*** Opening Dataset records ***
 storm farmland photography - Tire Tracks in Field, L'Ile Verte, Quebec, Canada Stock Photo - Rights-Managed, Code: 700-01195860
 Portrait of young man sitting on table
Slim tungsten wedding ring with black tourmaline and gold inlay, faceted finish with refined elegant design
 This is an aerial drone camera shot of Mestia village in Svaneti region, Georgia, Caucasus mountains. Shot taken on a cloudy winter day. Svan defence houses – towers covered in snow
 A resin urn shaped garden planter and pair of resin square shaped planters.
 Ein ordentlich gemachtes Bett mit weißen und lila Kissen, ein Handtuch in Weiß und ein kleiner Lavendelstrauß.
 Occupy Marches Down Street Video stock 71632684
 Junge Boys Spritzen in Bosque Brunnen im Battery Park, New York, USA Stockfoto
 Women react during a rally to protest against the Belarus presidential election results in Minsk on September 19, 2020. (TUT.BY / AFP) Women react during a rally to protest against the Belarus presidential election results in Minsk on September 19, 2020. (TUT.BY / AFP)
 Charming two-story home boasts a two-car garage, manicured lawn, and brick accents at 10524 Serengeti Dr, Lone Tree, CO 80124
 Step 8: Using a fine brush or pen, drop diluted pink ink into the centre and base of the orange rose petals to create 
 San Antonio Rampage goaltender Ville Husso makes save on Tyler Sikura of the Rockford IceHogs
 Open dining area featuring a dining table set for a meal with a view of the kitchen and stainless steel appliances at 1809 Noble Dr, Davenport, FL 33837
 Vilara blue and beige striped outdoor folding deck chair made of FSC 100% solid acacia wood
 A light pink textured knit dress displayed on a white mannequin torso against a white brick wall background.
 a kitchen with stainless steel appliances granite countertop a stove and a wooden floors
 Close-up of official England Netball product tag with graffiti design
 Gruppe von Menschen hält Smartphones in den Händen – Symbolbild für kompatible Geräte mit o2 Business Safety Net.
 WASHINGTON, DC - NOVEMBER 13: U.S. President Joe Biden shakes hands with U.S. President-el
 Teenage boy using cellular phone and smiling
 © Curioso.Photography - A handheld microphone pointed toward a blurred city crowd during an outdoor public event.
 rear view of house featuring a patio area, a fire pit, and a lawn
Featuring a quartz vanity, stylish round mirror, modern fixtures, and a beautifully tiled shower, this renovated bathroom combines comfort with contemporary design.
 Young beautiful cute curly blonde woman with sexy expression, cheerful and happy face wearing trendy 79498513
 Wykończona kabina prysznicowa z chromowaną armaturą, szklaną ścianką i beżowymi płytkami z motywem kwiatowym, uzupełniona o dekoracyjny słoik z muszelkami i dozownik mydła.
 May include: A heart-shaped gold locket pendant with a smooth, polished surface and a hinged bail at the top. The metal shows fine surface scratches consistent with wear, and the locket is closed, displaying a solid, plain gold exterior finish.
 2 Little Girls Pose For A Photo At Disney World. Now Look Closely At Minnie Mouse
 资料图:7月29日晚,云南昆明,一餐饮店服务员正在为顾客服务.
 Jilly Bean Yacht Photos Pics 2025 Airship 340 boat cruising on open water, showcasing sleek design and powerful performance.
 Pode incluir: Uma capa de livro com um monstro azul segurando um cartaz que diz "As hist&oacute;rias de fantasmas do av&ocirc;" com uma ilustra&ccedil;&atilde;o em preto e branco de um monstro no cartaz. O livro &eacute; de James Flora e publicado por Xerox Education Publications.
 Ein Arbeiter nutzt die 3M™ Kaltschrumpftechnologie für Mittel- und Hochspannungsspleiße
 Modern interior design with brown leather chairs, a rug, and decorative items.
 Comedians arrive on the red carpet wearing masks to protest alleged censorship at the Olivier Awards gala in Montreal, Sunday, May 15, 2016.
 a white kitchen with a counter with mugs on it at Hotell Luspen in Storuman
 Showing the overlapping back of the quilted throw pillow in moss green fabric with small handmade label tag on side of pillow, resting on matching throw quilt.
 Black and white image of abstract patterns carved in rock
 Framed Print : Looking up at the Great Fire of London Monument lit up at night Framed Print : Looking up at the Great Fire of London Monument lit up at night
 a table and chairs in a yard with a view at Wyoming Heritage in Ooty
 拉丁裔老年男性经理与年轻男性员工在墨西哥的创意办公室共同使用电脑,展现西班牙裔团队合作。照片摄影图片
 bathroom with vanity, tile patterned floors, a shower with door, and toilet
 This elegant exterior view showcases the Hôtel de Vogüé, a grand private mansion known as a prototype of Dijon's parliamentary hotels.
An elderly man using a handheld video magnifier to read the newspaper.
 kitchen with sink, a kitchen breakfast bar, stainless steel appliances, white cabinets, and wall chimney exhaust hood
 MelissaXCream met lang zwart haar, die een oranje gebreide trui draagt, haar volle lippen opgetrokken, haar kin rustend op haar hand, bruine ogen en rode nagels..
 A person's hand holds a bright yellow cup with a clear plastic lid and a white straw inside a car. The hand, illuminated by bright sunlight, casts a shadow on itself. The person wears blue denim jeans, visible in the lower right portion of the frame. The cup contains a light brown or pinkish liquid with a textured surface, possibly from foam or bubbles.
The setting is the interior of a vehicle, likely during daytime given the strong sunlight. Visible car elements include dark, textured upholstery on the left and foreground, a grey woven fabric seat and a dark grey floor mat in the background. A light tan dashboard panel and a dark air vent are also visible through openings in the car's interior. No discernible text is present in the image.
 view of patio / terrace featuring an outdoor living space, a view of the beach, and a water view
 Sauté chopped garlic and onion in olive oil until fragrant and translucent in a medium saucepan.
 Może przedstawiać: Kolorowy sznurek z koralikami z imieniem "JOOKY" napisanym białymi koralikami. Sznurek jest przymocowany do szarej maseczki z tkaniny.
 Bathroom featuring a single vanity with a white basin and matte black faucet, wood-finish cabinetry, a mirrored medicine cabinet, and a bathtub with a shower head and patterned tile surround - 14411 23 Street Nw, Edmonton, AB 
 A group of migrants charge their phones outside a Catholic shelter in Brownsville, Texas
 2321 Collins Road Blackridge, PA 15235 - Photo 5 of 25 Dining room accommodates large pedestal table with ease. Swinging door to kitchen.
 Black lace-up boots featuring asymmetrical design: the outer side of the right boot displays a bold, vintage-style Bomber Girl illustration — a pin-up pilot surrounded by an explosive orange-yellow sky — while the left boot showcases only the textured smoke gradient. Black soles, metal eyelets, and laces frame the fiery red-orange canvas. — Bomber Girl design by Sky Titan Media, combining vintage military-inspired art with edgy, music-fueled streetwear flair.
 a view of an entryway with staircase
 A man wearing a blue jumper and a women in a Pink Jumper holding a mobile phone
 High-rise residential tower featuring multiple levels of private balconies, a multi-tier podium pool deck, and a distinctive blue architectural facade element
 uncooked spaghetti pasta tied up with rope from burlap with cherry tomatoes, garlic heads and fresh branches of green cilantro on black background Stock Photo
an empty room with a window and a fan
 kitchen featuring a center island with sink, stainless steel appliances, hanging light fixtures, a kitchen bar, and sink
*** Closing Dataset records ***
* What to do: Return, please, the lines of the data from the first through the line containing "Open dining area", both kept, exactly as they stand and nothing more.

* Final answer:
 storm farmland photography - Tire Tracks in Field, L'Ile Verte, Quebec, Canada Stock Photo - Rights-Managed, Code: 700-01195860
 Portrait of young man sitting on table
Slim tungsten wedding ring with black tourmaline and gold inlay, faceted finish with refined elegant design
 This is an aerial drone camera shot of Mestia village in Svaneti region, Georgia, Caucasus mountains. Shot taken on a cloudy winter day. Svan defence houses – towers covered in snow
 A resin urn shaped garden planter and pair of resin square shaped planters.
 Ein ordentlich gemachtes Bett mit weißen und lila Kissen, ein Handtuch in Weiß und ein kleiner Lavendelstrauß.
 Occupy Marches Down Street Video stock 71632684
 Junge Boys Spritzen in Bosque Brunnen im Battery Park, New York, USA Stockfoto
 Women react during a rally to protest against the Belarus presidential election results in Minsk on September 19, 2020. (TUT.BY / AFP) Women react during a rally to protest against the Belarus presidential election results in Minsk on September 19, 2020. (TUT.BY / AFP)
 Charming two-story home boasts a two-car garage, manicured lawn, and brick accents at 10524 Serengeti Dr, Lone Tree, CO 80124
 Step 8: Using a fine brush or pen, drop diluted pink ink into the centre and base of the orange rose petals to create 
 San Antonio Rampage goaltender Ville Husso makes save on Tyler Sikura of the Rockford IceHogs
 Open dining area featuring a dining table set for a meal with a view of the kitchen and stainless steel appliances at 1809 Noble Dr, Davenport, FL 33837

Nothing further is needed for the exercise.